Full Report
The Central Bank of Libya announced on Tuesday that it detected a cyber incident affecting some of its systems and technology services. The bank said the breach was discovered immediately, with emergency response protocols and business continuity plans activated according to approved standards. Necessary measures were taken to contain the incident and isolate the affected systems. In a statement, the bank said technical teams, in cooperation with relevant authorities and international cybersecurity firms, are conducting a detailed investigation and technical analysis to determine the nature, scope, and possible impact of the incident. Efforts are also underway to restore affected systems and ensure the continuity of essential business and services. The bank noted that investigations into such technical incidents require sufficient time to gather and analyze evidence before definitive conclusions can be reached. It pointed out that many financial and government institutions worldwide have faced similar attacks, which required varying periods to complete technical assessments and corrective actions.
Analysis Summary
# Incident Report: Cyber Incident Affecting the Central Bank of Libya (CBL)
## Executive Summary
On June 9, 2026, the Central Bank of Libya detected a cyber incident targeting several technology systems and services. The bank immediately activated emergency protocols, isolating affected systems to contain the breach and prevent lateral movement. Current assessments indicate no impact on customer accounts or balances, though technical investigations into the scope of data exposure are ongoing.
## Incident Details
- **Discovery Date:** Tuesday, June 9, 2026
- **Incident Date:** June 9, 2026 (Detection reported as immediate)

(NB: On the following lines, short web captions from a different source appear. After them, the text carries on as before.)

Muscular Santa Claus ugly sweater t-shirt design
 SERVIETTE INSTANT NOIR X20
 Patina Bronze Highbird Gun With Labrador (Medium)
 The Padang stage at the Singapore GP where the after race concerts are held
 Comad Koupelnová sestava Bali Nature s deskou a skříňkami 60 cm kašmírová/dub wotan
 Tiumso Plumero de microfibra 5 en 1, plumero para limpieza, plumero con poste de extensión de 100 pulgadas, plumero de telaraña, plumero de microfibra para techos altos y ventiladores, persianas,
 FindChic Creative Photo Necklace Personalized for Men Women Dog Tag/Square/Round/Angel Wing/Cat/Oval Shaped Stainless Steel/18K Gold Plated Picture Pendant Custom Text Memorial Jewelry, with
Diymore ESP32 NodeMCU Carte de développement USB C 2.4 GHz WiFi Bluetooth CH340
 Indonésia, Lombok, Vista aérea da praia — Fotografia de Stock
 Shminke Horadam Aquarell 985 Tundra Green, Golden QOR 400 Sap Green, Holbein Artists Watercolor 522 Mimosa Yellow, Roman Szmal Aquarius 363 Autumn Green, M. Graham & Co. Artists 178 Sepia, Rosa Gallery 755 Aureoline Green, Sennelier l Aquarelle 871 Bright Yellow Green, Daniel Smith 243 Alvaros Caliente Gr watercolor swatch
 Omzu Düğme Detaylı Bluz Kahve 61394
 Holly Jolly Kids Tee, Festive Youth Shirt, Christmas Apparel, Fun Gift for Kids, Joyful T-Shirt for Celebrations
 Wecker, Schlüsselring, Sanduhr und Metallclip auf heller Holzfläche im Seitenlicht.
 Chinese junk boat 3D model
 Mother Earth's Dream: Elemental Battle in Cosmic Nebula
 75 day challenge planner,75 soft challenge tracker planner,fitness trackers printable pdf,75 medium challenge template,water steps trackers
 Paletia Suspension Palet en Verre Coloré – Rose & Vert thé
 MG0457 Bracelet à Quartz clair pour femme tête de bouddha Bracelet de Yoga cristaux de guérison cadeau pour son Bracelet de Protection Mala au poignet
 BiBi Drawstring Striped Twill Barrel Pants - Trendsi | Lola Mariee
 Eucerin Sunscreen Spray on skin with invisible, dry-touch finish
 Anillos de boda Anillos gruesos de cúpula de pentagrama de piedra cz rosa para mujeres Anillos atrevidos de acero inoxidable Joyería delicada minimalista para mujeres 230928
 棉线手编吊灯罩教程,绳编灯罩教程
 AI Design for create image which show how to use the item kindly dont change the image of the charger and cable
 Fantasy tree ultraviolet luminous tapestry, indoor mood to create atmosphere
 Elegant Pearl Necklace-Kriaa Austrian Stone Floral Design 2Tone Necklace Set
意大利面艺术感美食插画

- **Affected Organization:** Central Bank of Libya (CBL)
- **Sector:** Financial / Banking
- **Geography:** Tripoli, Libya
## Timeline of Events
### Initial Access
- **Date/Time:** Undisclosed (Prior to or on June 9, 2026)
- **Vector:** Unknown/Under Investigation
- **Details:** The bank has not yet disclosed the specific entry point for the threat actors.
### Lateral Movement
- **Details:** Information unavailable; however, the bank moved to "isolate systems," suggesting an effort to halt potential lateral progression toward core financial databases.
### Data Exfiltration/Impact
- **Details:** No evidence of financial theft or impact on customer balances has been found to date. The primary impact was limited to "a small number" of technology systems and services.
### Detection & Response
- **Discovery:** Detected by internal monitoring on June 9, 2026.
- **Response actions taken:** Activated business continuity plans, isolated affected systems, and engaged international cybersecurity firms for forensic analysis.
## Attack Methodology
*Note: As this is an ongoing investigation, specific TTPs (Tactics, Techniques, and Procedures) have not been fully disclosed.*
- **Initial Access:** Under investigation.
- **Persistence:** Not disclosed.
- **Privilege Escalation:** Not disclosed.
- **Defense Evasion:** Not disclosed.
- **Credential Access:** Not disclosed.
- **Discovery:** Not disclosed.
- **Lateral Movement:** Attempted; addressed via system isolation.
- **Collection:** Technical verification is ongoing to determine if any information was collected.
- **Exfiltration:** No confirmed data exfiltration at this time.
- **Impact:** Service disruption to a subset of internal systems; essential services (LYPAY and cards) remained operational.
## Impact Assessment
- **Financial:** No known impact on customer accounts or balances.
- **Data Breach:** Under investigation; technical teams are verifying data integrity.
- **Operational:** Limited disruption; several internal systems were taken offline for isolation and recovery.
- **Reputational:** High-profile target; however, the bank proactively issued a statement to mitigate public concern.
## Indicators of Compromise
- **Network indicators:** None disclosed in the initial report.
- **File indicators:** None disclosed in the initial report.
- **Behavioral indicators:** Abnormal activity in technology services/systems triggered immediate detection.
## Response Actions
- **Containment measures:** Isolation of affected systems and technology services.
- **Eradication steps:** Technical investigation in cooperation with international cybersecurity firms and relevant national authorities.
- **Recovery actions:** Gradual restoration of affected systems; maintenance of uptime for LYPAY and banking card platforms to ensure business continuity.
## Lessons Learned
- **Key takeaways:** Early detection and the immediate activation of an approved business continuity plan were critical in preventing the breach from reaching core financial ledgers.
- **What could have been done better:** While response was rapid, the incident underscores the ongoing risk to central financial institutions in the region, necessitating constant review of edge-security and system interdependencies.
## Recommendations
- **Prevention measures:**
- Conduct a full forensic review of the entry point once the international investigation is complete.
- Implement enhanced Zero Trust architecture to further segment technology services from core banking databases.
- Conduct regular stress tests of the business continuity plan to ensure essential platforms (like LYPAY) remain resilient during active incidents.